> _Assignment_: Reproduce exactly the lines from the one containing "this 845×633 image." through the end of the entries, including both. Drop the pictures.

> _Record excerpts_:
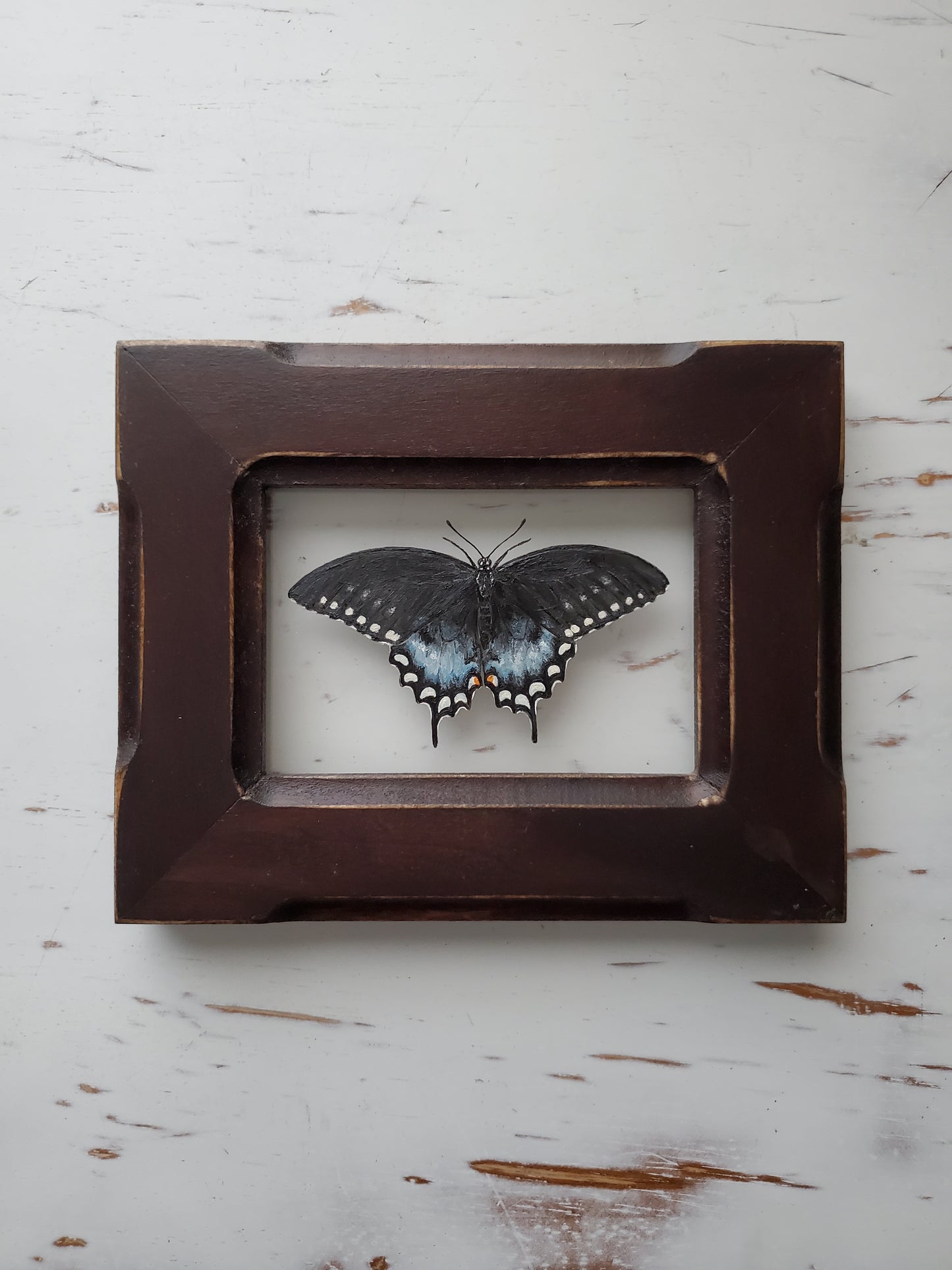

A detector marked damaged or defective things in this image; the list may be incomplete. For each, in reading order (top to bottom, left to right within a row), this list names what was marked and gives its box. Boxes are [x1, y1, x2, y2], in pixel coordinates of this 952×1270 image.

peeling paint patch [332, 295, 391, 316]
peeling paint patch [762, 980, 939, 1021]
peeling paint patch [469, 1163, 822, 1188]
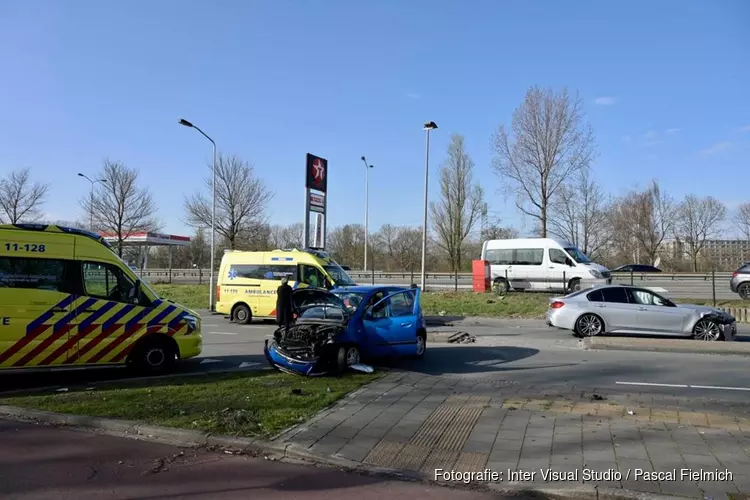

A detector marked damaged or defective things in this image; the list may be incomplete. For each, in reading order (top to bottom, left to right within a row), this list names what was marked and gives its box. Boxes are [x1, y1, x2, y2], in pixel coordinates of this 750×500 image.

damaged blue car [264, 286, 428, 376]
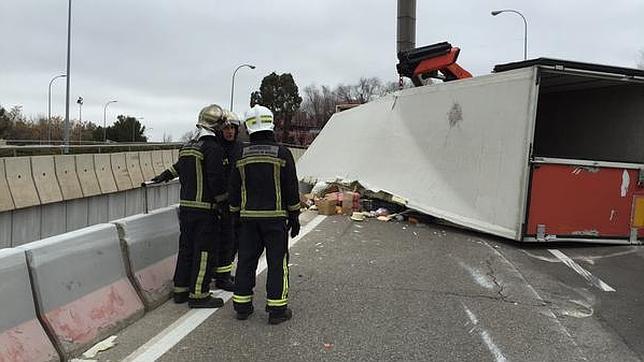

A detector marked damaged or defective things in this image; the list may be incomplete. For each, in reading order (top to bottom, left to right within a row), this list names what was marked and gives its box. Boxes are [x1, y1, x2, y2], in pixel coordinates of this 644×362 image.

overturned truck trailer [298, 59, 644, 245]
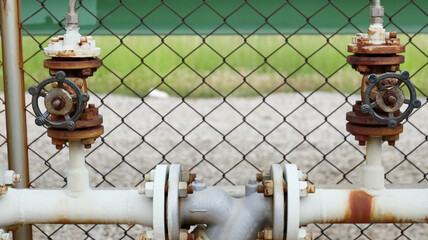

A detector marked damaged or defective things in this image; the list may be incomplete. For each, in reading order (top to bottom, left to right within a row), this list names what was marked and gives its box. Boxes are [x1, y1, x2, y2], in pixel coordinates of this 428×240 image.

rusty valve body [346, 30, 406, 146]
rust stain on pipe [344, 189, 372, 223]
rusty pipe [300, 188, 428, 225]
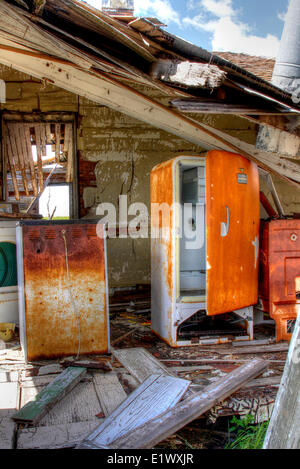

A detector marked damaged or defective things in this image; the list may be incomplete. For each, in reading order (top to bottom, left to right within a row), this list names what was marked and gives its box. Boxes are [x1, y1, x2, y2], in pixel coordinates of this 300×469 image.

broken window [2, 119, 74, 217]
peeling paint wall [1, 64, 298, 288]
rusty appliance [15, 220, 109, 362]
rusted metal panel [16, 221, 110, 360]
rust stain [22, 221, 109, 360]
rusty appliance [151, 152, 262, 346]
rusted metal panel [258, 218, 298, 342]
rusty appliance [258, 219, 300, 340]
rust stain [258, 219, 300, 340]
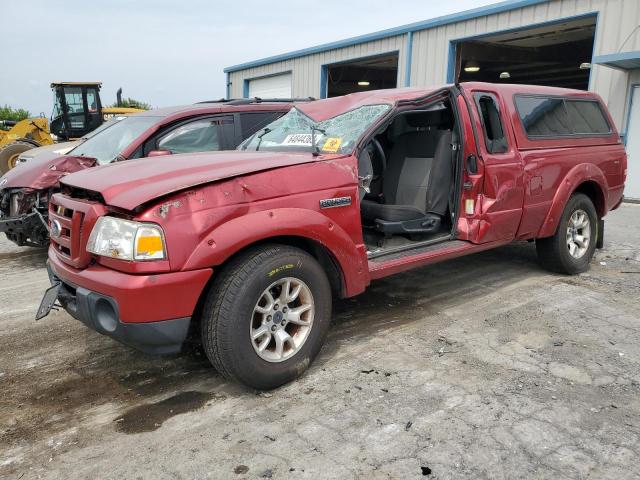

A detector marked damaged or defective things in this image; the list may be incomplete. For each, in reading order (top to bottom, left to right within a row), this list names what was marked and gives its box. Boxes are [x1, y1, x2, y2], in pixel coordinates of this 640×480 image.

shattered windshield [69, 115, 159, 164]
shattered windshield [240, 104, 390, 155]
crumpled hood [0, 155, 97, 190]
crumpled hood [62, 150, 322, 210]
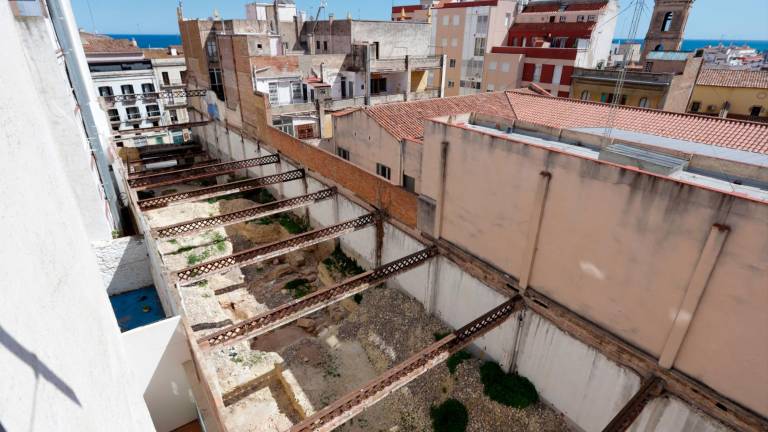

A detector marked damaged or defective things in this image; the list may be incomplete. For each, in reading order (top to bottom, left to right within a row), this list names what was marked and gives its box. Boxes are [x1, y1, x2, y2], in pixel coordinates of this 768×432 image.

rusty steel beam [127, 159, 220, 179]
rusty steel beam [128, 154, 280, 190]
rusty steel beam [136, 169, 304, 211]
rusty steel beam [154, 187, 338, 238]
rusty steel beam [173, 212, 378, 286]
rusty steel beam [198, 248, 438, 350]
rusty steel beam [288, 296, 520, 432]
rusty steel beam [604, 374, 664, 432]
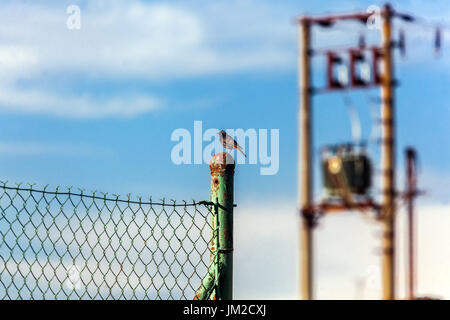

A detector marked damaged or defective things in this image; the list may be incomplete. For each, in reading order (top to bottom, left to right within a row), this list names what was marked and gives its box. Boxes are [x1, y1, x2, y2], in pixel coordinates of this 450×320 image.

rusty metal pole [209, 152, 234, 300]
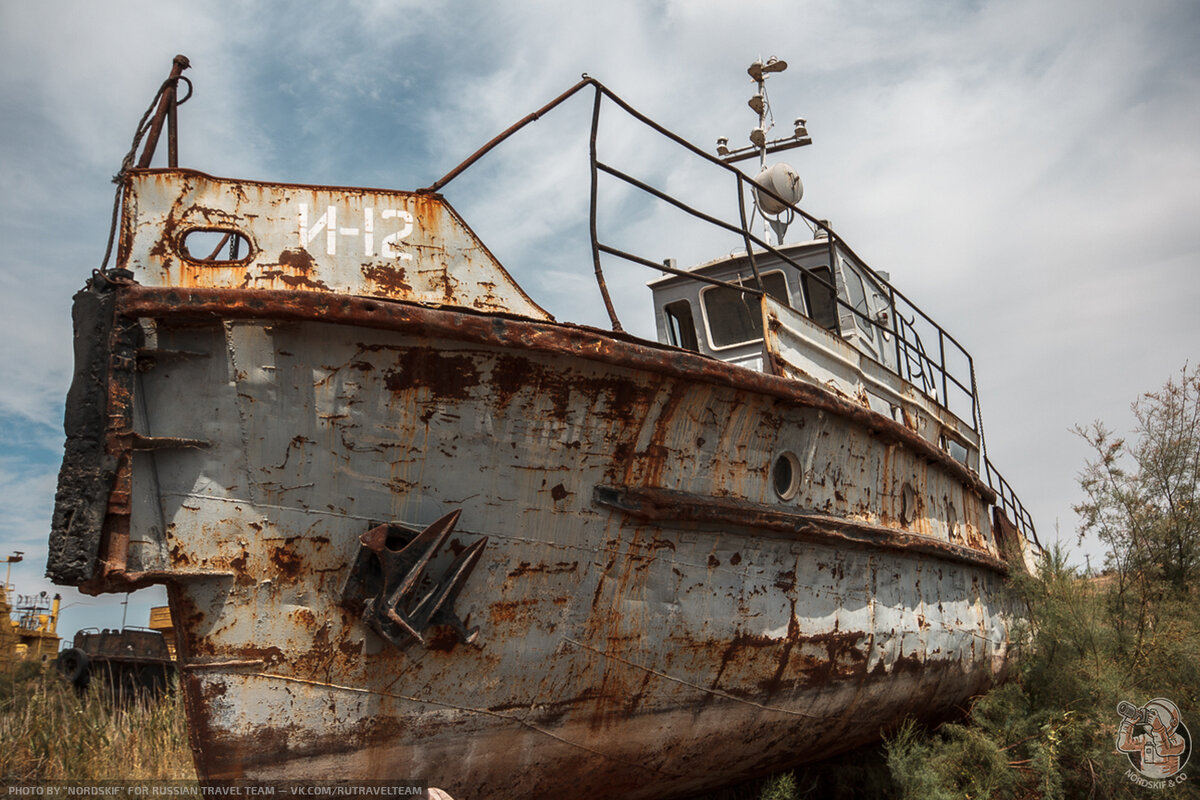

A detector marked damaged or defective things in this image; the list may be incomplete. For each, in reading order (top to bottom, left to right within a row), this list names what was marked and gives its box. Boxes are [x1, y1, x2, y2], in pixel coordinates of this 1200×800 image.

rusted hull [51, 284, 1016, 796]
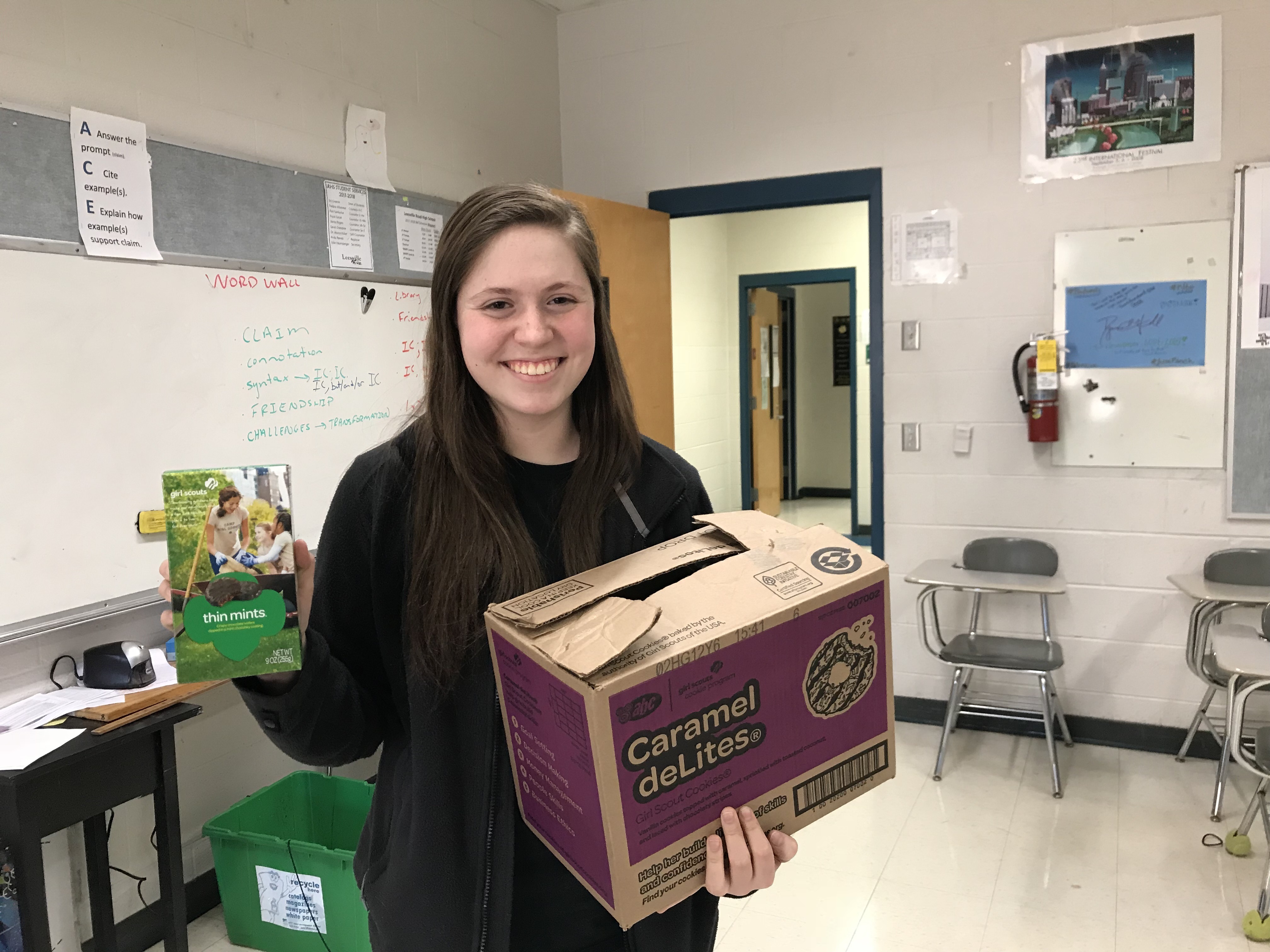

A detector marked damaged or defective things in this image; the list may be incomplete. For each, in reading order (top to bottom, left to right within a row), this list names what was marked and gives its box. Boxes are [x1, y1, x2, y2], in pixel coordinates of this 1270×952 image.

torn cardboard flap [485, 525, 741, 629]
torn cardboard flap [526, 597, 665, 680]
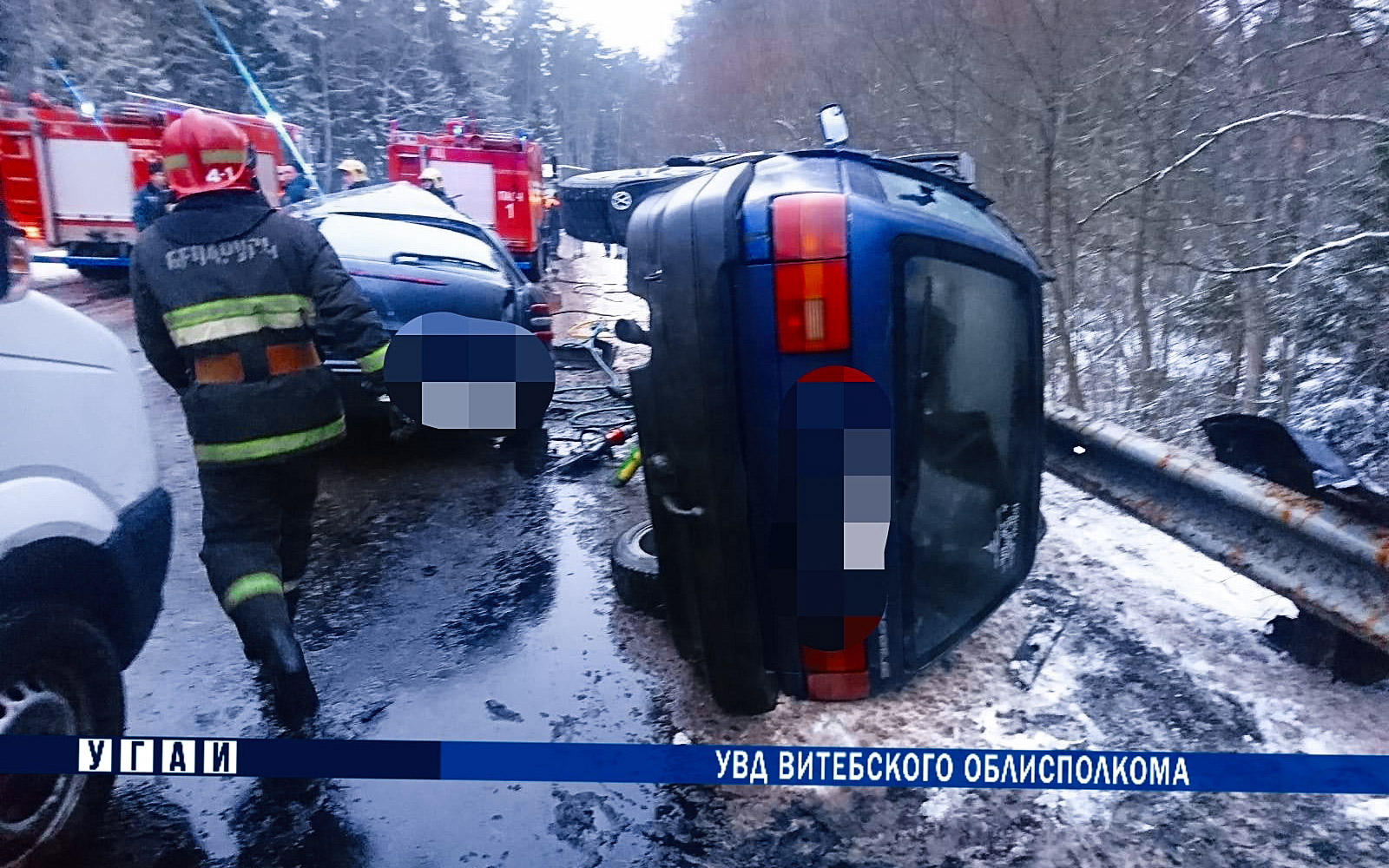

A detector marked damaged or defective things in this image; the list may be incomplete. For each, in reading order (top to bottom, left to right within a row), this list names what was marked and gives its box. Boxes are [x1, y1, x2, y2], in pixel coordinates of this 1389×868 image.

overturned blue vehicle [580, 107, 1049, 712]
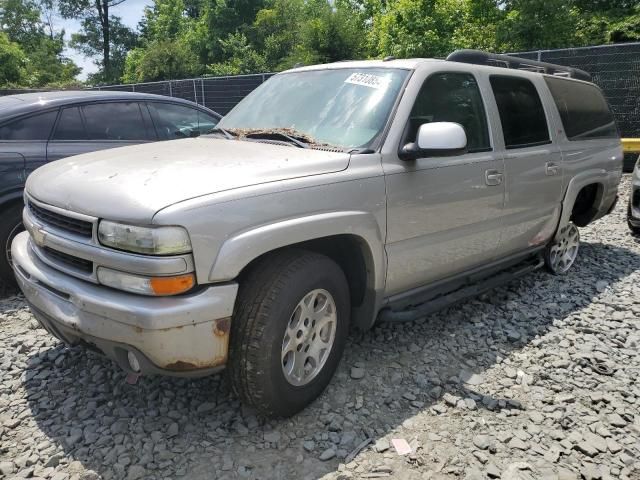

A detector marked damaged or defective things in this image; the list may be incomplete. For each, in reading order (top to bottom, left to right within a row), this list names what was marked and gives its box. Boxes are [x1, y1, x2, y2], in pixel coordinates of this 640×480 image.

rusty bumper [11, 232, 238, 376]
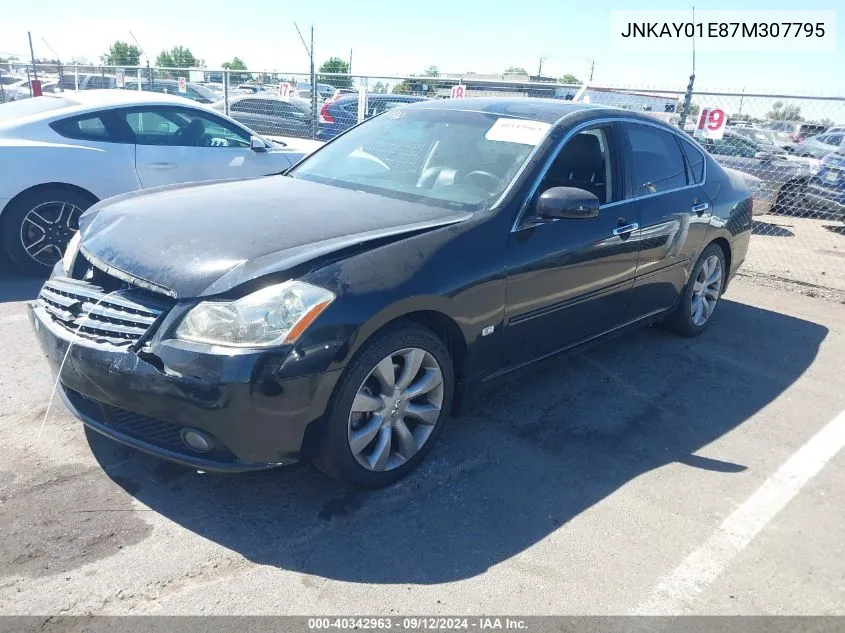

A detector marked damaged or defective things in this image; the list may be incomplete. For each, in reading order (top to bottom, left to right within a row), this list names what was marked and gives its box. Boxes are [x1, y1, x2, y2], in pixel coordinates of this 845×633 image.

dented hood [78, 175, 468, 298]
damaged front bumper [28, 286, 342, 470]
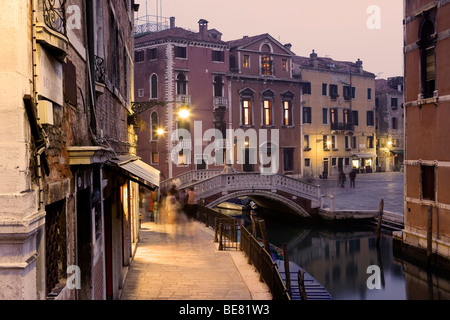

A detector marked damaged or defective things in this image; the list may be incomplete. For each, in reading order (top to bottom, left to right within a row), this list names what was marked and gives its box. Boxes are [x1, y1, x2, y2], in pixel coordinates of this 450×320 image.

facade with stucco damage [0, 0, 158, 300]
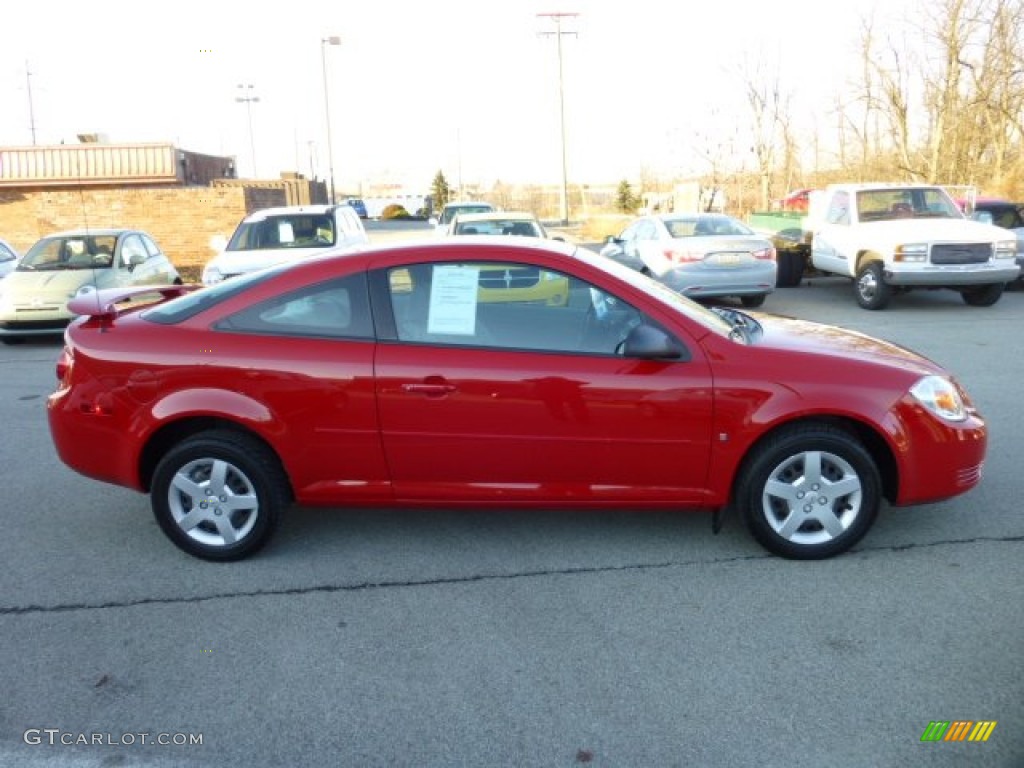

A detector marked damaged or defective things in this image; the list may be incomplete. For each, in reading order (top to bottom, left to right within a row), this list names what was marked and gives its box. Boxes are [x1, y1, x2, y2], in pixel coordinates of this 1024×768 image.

> _Solution_:
A detector marked damaged or defective things in this image; the list may be incomplete. For each, in reading order (top to bottom, left to right within a row), this list names what was marked and gives its box. Boxes are [x1, y1, x2, y2], in pixel coordinates of this 845×633 image.

dented hood [78, 175, 468, 298]
damaged front bumper [28, 286, 342, 470]

A detector marked damaged or defective things in this image; the list may be incomplete. For each, in reading order (top to bottom, left to right within a row), this list names what was marked and gives its box. Boxes are [x1, y1, x2, y2], in pixel coordinates of this 450×320 image.

facade with stucco damage [0, 0, 158, 300]

A detector marked damaged or defective things in this image; the list may be incomplete. For each, in reading order (top to bottom, left to right within a row), this list names what was marked and gives its box. Boxes are [x1, y1, x2, y2], in pixel coordinates of this 1024×768 image.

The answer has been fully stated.